2. Scientific Data Analysis, Data Mining and Data Analysis Environments
3.3. Integration of Data Mining Components
3.3.3. Process of Registering and Executing Data Mining Components
Bioinformaticians who want to grid-enable their data mining components have to describe the components according to the ADS. This means that they have to create an instance of the ADS for their component. Instances of the ADS are XML documents at various levels of specification, which are passed among system components. The documents can differ in the specification of the values for the options, inputs, requirements, etc. For an execution, the ADS instance must be fully specified. This means that all non-optional values have to be set. The ADS is expressive enough to accommodate data mining components from a wide range of platforms, technologies, application domains, and sectors, and has been tested with eight different application domains [124]. Code listing 3.2 gives an abstract example. Detailed examples will be given as part of the case studies presented in Section 3.4.
Listing 3.2: An ADS instance (as pseudo code) <?xml version="1.0"?> <app:application ...> <generalInformation ...> <longDescription>...</longDescription> <comment .../> </generalInformation> <dataminingInformation .../> <executionInformation> <javaExecution ...> <interpreterArguments>...</interpreterArguments> <applicationRunFile.../> </javaExecution> </executionInformation> <applicationInformation> <options .../> <dataInputs .../> <dataOutputs .../> <requirements> <minMemory .../> <operatingSystem .../> <architecture ...> <value>...</value> </architecture> </requirements> </applicationInformation> </app:application>
The Application Enabler, which is part of the architecture described in Section 3.3.1, is a tool that is used to create an ADS instance for a given data mining component. The process of grid-enabling data mining components is as follows:
1. ADS instance. Based on the ADS, the different types of information needed for a successful integration of the component in the grid are collected and formalized. The result is an instance of the ADS specifically created for the component.

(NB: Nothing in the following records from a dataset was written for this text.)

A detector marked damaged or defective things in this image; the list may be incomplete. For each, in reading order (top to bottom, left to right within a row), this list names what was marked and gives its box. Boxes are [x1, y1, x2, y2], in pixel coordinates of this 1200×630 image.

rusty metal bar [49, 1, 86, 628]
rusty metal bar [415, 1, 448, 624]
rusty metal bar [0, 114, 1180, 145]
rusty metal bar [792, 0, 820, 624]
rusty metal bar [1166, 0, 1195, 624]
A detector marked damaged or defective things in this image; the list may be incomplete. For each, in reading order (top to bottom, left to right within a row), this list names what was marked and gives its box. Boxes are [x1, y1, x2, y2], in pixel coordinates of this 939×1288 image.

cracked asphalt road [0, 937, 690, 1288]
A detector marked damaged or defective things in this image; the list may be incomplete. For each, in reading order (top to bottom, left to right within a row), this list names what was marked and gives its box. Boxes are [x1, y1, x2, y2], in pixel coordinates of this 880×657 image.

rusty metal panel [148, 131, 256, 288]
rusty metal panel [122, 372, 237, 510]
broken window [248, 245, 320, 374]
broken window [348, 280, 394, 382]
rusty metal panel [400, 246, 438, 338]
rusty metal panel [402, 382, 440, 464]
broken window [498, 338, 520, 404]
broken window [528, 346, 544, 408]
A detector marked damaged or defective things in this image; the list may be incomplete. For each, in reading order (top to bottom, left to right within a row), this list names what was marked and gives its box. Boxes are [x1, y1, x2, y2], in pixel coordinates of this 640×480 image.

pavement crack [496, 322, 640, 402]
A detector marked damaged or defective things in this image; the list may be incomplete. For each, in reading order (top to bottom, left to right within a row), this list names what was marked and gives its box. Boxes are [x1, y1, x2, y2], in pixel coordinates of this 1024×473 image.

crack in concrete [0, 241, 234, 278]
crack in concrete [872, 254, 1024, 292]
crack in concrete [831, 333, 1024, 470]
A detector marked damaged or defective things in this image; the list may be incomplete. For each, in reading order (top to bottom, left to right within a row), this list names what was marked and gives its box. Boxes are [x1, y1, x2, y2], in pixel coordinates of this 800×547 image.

2. Registration. After it’s creation, the ADS instance is stored via the Information Services of the grid middleware in the grid registry and the executable is trans- ferred to a storage component attached to the grid via the data services of the grid middleware.
Figure 3.4 visualizes the idea on how to grid-enable data mining components. An implementation of the Application Enabler as web application in the DataMiningGrid system will be described in Section 3.4.2.
When the component is successfully registered, it is ready to be found and executed. The tools for the execution of grid-enabled data mining components consist of the client tools Explorer, Control, Execution and Provenance (see Section 3.3.1).
3.3. Integration of Data Mining Components
Figure 3.4.: Reusing data mining components by registering them in the grid environment with the help of the ADS.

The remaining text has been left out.